** What this task involves **
Your answer should be one number: the count of lines below that contain "Rent".

Short web captions
┄┄┄┄┄┄┄┄┄┄┄┄┄┄┄┄┄┄┄┄
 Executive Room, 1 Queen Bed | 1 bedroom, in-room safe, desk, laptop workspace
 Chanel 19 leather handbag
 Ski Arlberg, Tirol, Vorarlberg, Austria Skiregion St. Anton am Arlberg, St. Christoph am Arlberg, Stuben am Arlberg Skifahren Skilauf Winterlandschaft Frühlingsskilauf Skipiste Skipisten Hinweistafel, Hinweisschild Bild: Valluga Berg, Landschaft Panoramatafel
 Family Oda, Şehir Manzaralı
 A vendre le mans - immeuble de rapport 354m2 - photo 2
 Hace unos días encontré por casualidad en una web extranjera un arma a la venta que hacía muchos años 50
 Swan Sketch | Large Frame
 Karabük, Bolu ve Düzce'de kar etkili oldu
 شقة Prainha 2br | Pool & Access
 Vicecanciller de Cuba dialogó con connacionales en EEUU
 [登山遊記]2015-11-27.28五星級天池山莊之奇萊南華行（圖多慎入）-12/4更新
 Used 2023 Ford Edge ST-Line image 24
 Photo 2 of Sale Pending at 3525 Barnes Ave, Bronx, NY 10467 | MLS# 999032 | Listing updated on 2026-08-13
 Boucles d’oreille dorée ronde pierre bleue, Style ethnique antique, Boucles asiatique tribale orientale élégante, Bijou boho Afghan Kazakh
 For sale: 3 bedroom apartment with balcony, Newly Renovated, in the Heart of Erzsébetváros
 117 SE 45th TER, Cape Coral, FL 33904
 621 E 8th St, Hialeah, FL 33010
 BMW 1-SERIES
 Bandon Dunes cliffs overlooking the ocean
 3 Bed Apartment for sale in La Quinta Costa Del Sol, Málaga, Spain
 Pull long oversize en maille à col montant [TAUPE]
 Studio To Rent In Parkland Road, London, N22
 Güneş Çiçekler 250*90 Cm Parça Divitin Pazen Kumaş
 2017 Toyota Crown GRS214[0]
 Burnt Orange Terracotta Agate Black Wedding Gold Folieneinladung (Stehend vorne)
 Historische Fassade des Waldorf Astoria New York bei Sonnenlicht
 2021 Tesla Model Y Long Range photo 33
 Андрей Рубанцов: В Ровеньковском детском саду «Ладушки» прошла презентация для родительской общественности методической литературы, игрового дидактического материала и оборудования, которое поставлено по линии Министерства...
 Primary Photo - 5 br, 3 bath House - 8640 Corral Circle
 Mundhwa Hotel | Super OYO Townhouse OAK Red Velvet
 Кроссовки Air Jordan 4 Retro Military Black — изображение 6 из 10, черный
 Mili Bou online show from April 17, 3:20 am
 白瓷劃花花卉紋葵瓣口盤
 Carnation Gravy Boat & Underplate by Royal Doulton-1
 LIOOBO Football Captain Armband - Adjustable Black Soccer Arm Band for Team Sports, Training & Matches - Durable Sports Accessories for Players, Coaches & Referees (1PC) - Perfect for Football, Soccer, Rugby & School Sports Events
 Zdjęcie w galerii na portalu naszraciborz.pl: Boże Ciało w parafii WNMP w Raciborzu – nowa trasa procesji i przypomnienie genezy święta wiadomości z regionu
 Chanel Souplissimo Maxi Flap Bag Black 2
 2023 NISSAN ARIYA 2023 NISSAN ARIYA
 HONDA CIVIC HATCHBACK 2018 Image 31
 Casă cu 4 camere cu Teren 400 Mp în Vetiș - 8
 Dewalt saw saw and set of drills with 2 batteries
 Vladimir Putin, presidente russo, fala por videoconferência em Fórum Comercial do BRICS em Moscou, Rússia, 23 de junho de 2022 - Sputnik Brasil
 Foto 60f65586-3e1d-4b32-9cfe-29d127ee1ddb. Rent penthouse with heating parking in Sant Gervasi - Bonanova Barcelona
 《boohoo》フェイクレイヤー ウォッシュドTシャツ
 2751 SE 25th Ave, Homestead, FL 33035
┄┄┄┄┄┄┄┄┄┄┄┄┄┄┄┄┄┄┄┄
** Answer to the problem **
2